The prophets, especially at this period in the history of God’s people, are much less harvesters than stump pullers. Elijah has been engaging opposing worldviews for a majority of his ministry, preparing the ground. Looking back on the ministry of the prophets, they spent more time confronting sin and morality than they did “planting” seeds of righteousness. Much more time was spent attempting to remove and displace the idolatry and evil in the kingdom, than talking God’s plan for the nation. Elisha spent his days prior to ministry, making hard ground suitable for planting and in ministry, attempting to make hard hearts suitable for planting.
As Elisha is plowing, Elijah runs up to him, throws his cloak around his waste, and runs off. Elisha forsakes his oxen and plow, and chases down [hb. rus] Elijah. The same word [rus[is used of Elijah out running Ahab (18.46) down the mountain. Elisha, filled with similar passion and excitement that Elijah displayed, catches up quick. Elijah gives him permission to say one last good by to his family and work. He kissed his parents, burned his plow, and feed the people his oxen.
“Then he set out to follow Elijah and became his attendant [sarat].” (1 Kings 19.21)
What Elisha was excited about, I cant say exactly, but I think this verse hints at it. Today we use the words “servant” and “attendant” synonymously, but in hebrew there seems to be some difference between servant [‘ebed] and attendant [sarat]: Elisha is said to have become Elijah’s attendant [sarat[ which conveys the idea of:
- Partnership. Elisha and Elijah from this point on were partners in ministry. Elijah had more experience and took the lead, but Elisha had come alongside him in ministry not behind him in ministry. Take for example Joshua. He was a servant [‘ebed] of the Lord (Josh 24.29; Jud. 2.80, but an aide [sarat] to Moses. With Moses, Joshua stood alongside him as he stayed on the mountain 40 days and nights (Ex. 24.13ff.) and wouldn’t leave the tent of meeting as Moses and God spoke (Ex. 33.11). When Moses did ministry, Joshua was beside him, learning and doing. I think Elisha reveled in the idea of being a sarat, not just an ‘ebed.
- Purpose.
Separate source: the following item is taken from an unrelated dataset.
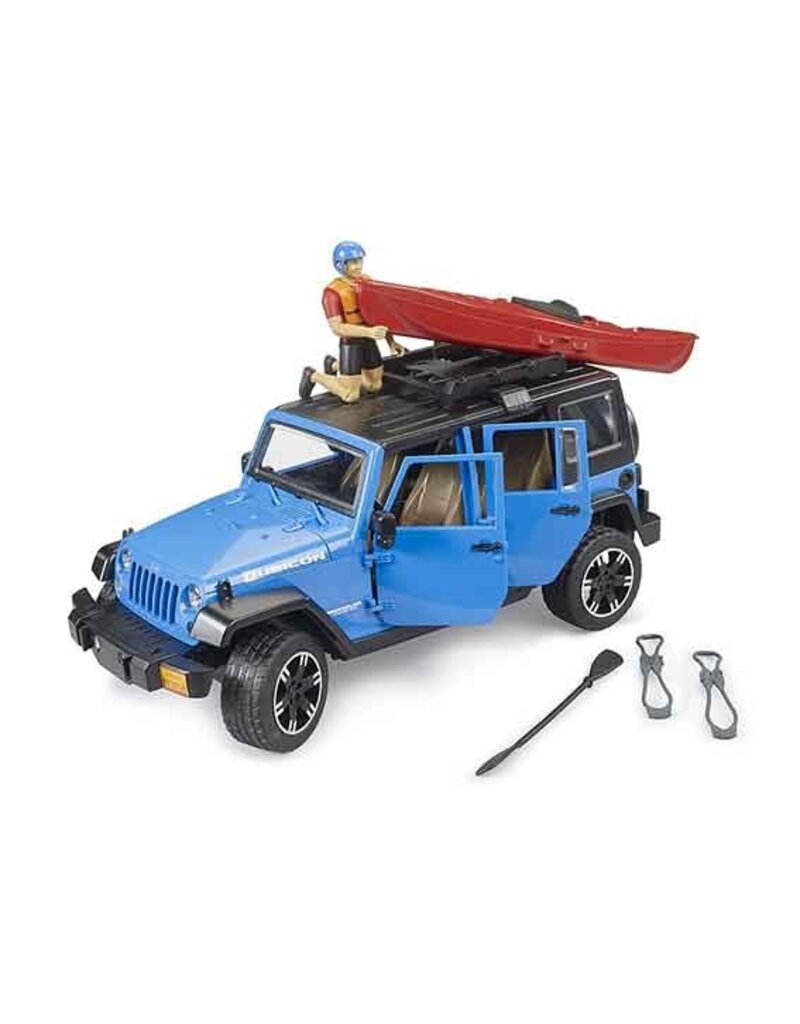 Bruder Bruder 2529 - Jeep Wrangler Rubicon Unlimited met kajak en speelfiguur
In the OT servants performed any number of odd jobs, but attendants performed only the highest of tasks. Three times sarat is used of articles used for worship in the Temple (Num 4.9;2 Kings 25.14; 1 Chron. 6.32). Numerous times sarat is used of the Levites “assisting” in worship led by the priest. Elisha understood that Elisha was calling him to a live of purposeful service in worship to God. This was not the kind of intership where Elisha will be mailing out 5,000 postcards, or filling 10,000 waterballons, but a chance to do dirty-hands, front-line ministry.
These two reasons, I believe, are why Elisha can outrun Elijah. For these reasons, Elisha would burn his oxen and plow. The chance to be caught up and swept up in life changing ministry and the adventure of following God in daily service alongside a passionate leader, is what brought excitement to the life of Elisha.
Elijah was anointing a partner in purposed ministry. This is an opprotuinty that many in younger generations would leap at and get excited for. There are many who have been disappointed in the past because their preparation for ministry involved purposeless busy work, the understanding that they were not partners but projects, or their voice and opinion didn’t matter. The next generation of leader wants to partner in ministry; do significant work; and lead alongside. With that being said, who are you partnering with in ministry today? What younger man or woman, are you involving in your sphere of influence, your ministry, or your service? Who are you pouring into, giving responsibility too, and training to serve, worship, and lead? These are the things I hope to convey to my bullfighting protege above, my students at Robinson, and the men I get to pour into every week. Who are you bringing onto the crew?